Source material Block Start

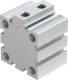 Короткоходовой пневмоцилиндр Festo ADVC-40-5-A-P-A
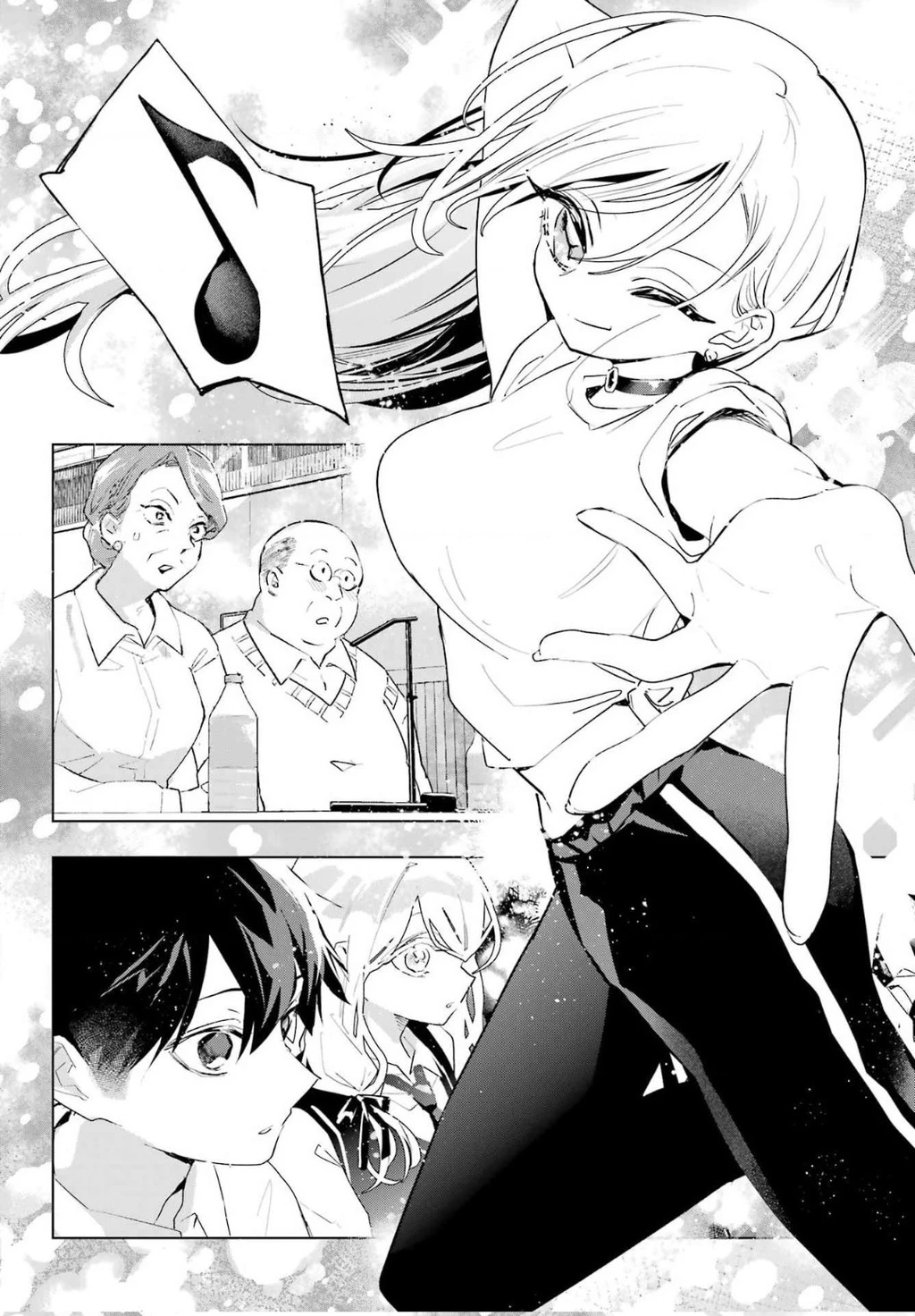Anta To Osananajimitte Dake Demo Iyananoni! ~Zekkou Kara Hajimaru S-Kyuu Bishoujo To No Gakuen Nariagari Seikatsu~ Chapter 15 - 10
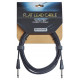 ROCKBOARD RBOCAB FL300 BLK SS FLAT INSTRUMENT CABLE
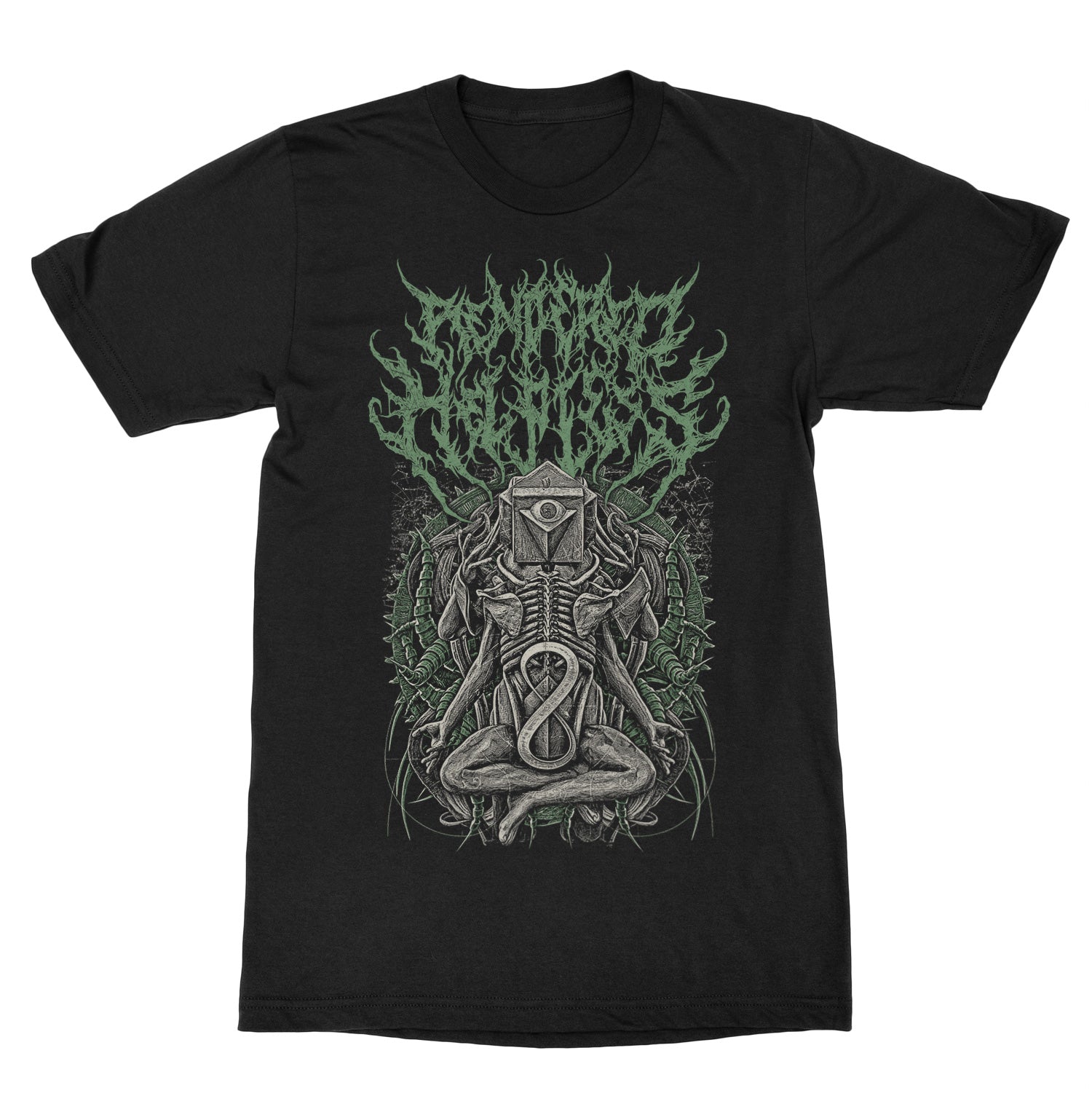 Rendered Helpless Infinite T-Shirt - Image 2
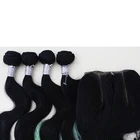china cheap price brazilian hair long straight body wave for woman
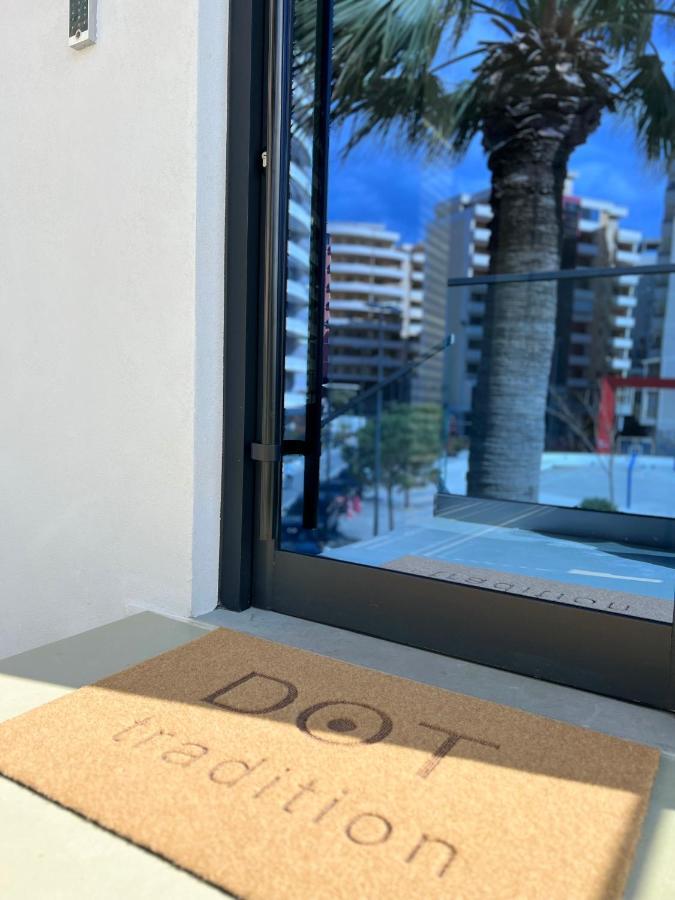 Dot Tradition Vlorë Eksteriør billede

Source material Block End
Source material Block Start

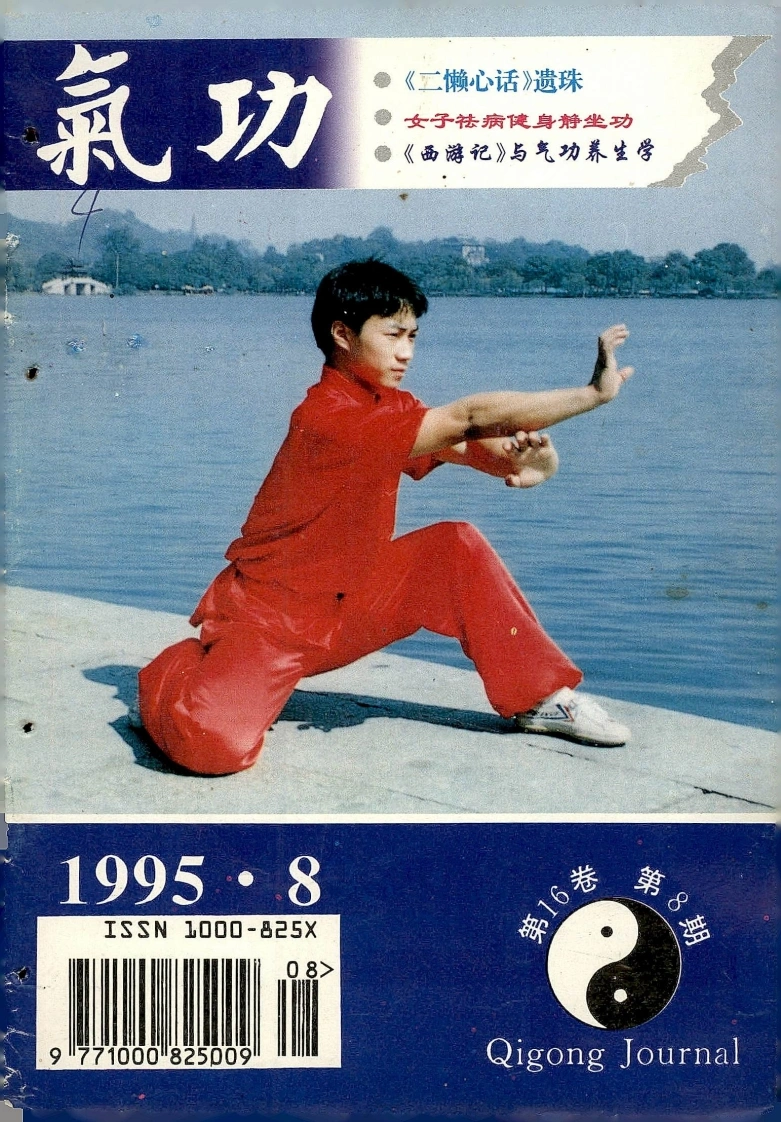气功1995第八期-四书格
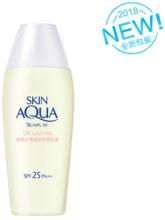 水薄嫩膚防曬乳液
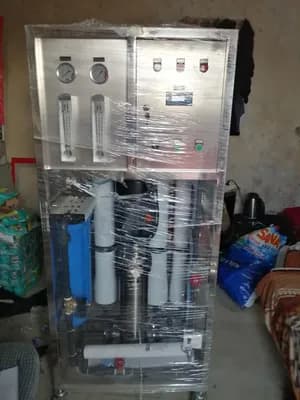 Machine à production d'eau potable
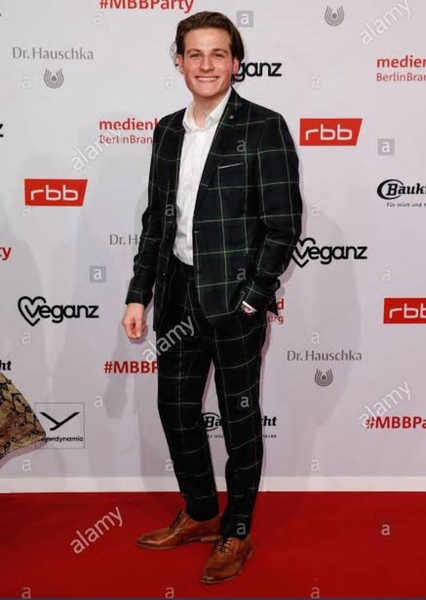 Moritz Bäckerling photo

Source material Block End

## Problem details
Leave out the images and write out the lines above exactly, from the one with "Короткоходовой пневмоцилиндр Festo" up to and including the one with "ROCKBOARD RBOCAB FL300".

## Answer area
 Короткоходовой пневмоцилиндр Festo ADVC-40-5-A-P-A
Anta To Osananajimitte Dake Demo Iyananoni! ~Zekkou Kara Hajimaru S-Kyuu Bishoujo To No Gakuen Nariagari Seikatsu~ Chapter 15 - 10
 ROCKBOARD RBOCAB FL300 BLK SS FLAT INSTRUMENT CABLE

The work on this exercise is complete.